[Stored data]
^^^^^^^^

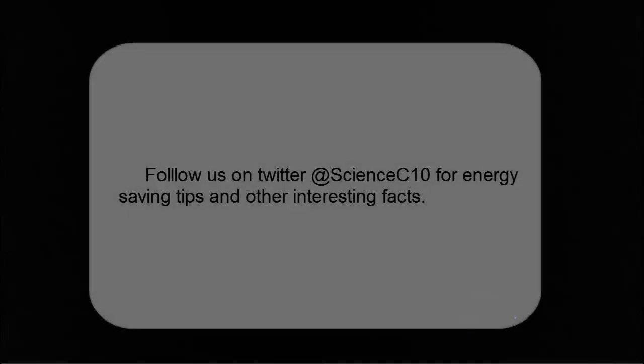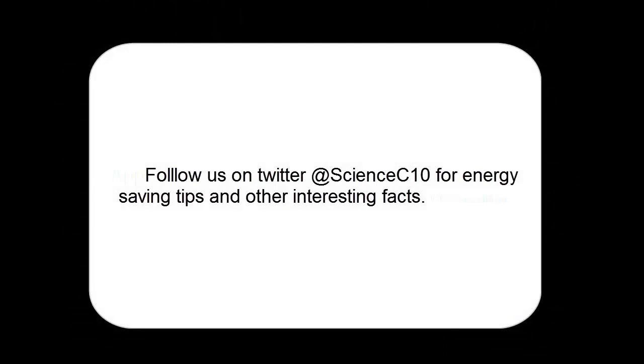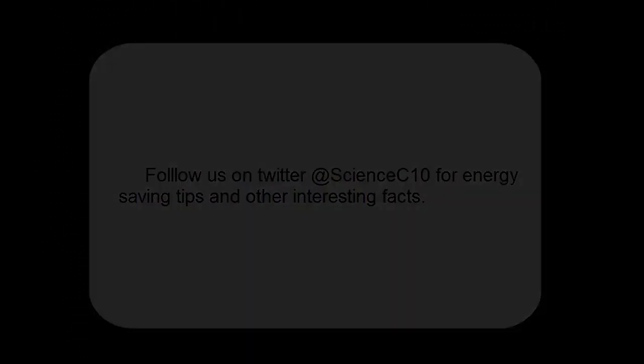We should all do this when leaving for dinner or anything else. Follow us on Twitter at ScienceC10 for energy saving tips and other interesting facts.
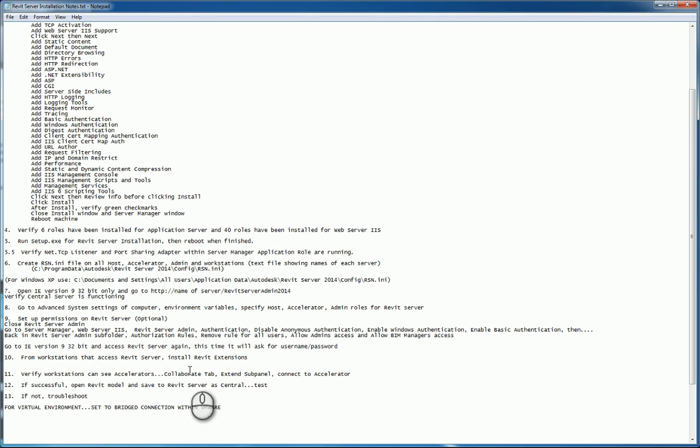And that's it. These are my notes for installing Revit server. Thank you very much for watching my screencast, and please don't forget to give me a thumbs up.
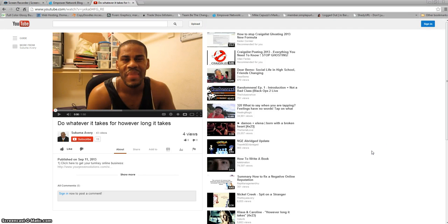Hey, Shakuma Avery here, and I want to share this quick tip with you on how to make your YouTube videos autoplay on your website.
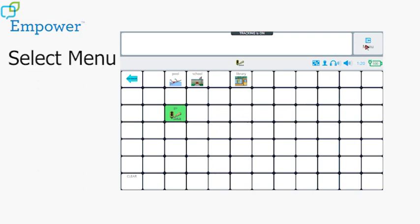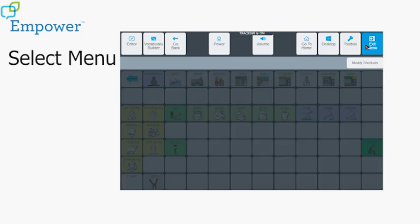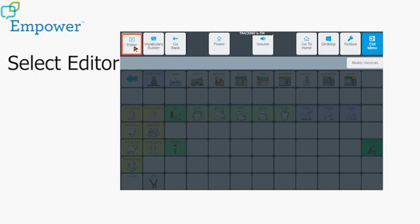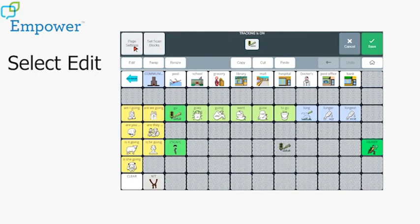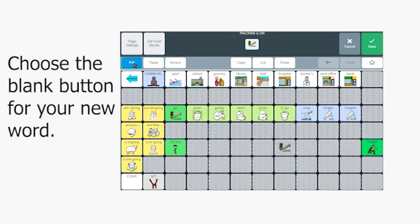To do that, I select Menu, Editor, Edit, and I choose the blank button where I want to put my new word. I'll put it here.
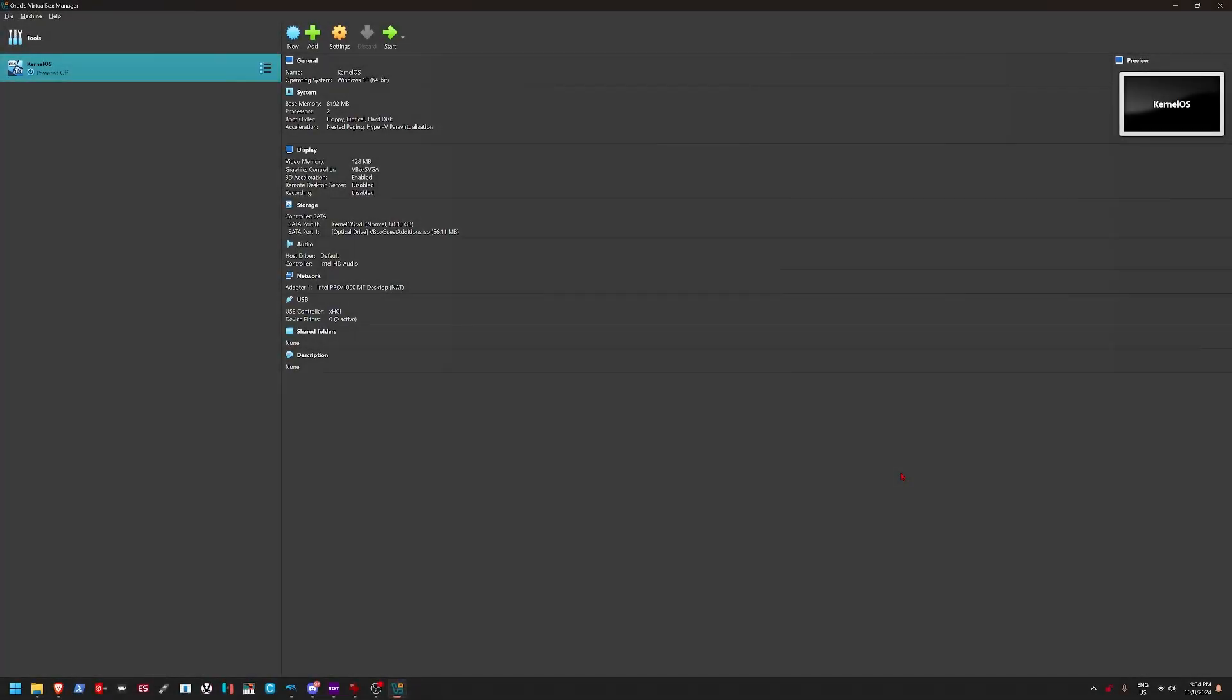Alrighty, hey guys, so I am finally back. Now, today we are actually going to be looking at an operating system called ReactOS. ReactOS is basically an operating system that looks similar to Windows 2000.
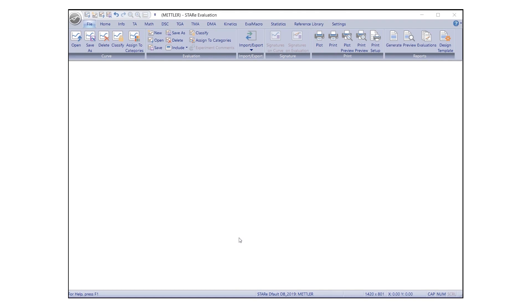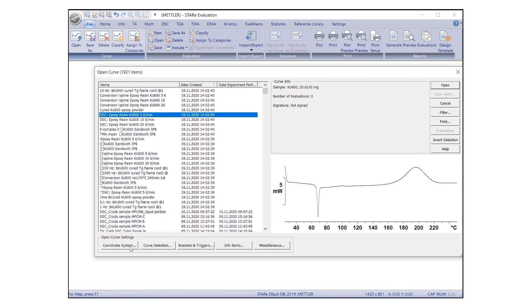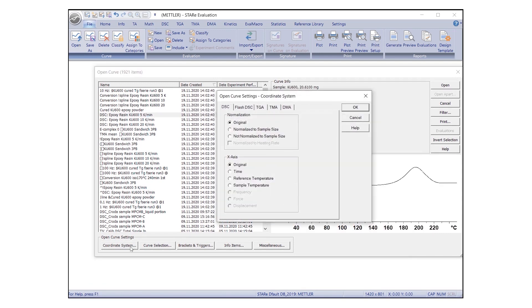To define the coordinate system, select Open Curve and under Open Curve Settings, click on Coordinate System. A dialog box will appear with various options for displaying the coordinate system.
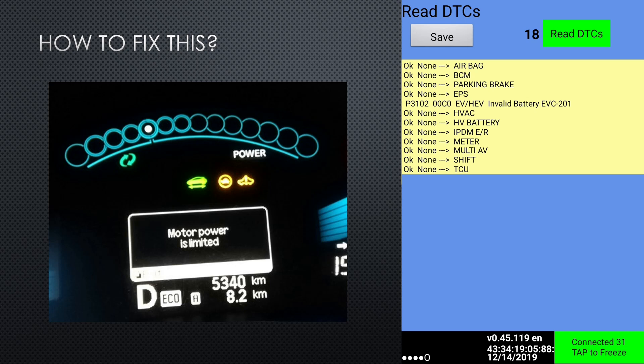And you will have fault lights along with the normal turtle mode etc. Here is how to fix this.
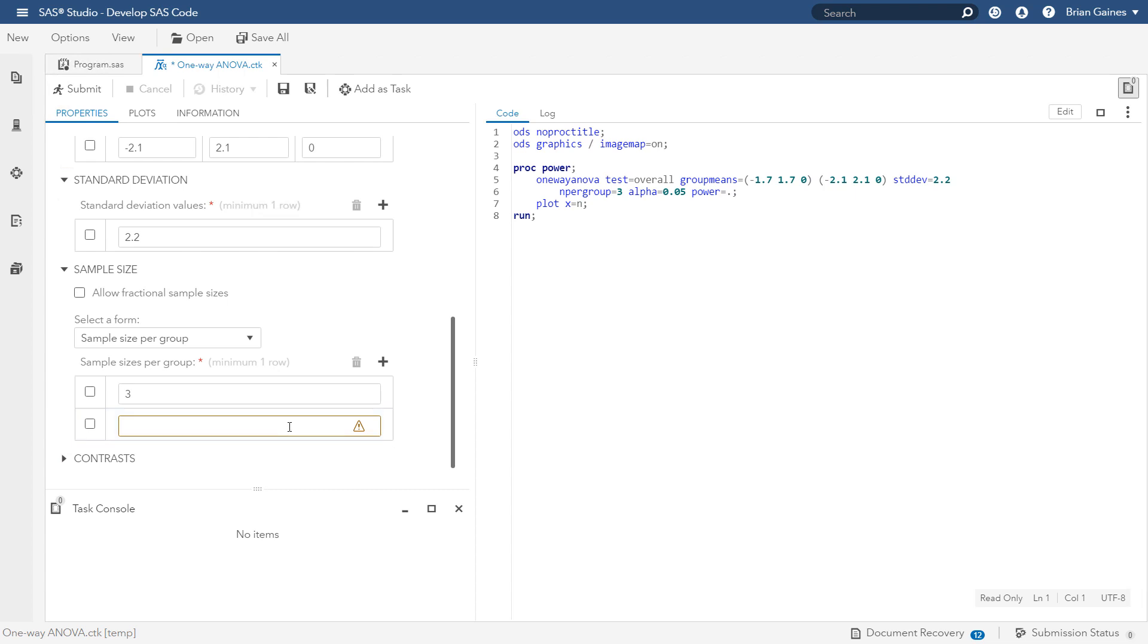For example, if you enter 20 as a second sample size, it will produce the results for a range of values between 3 and 20. As you do this, you can see that the code on the right is automatically updated in real time, which happens whenever you make changes to the task settings.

^^^^^^^^

PROBLEM TO SOLVE:
Give again, word for word, only the lines from the line containing "And that's it." through the last line above, both included; leave the pictures out.

EXERCISE OUTPUT:
And that's it. These are my notes for installing Revit server. Thank you very much for watching my screencast, and please don't forget to give me a thumbs up.
Hey, Shakuma Avery here, and I want to share this quick tip with you on how to make your YouTube videos autoplay on your website.
To do that, I select Menu, Editor, Edit, and I choose the blank button where I want to put my new word. I'll put it here.
Alrighty, hey guys, so I am finally back. Now, today we are actually going to be looking at an operating system called ReactOS. ReactOS is basically an operating system that looks similar to Windows 2000.
To define the coordinate system, select Open Curve and under Open Curve Settings, click on Coordinate System. A dialog box will appear with various options for displaying the coordinate system.
And you will have fault lights along with the normal turtle mode etc. Here is how to fix this.
For example, if you enter 20 as a second sample size, it will produce the results for a range of values between 3 and 20. As you do this, you can see that the code on the right is automatically updated in real time, which happens whenever you make changes to the task settings.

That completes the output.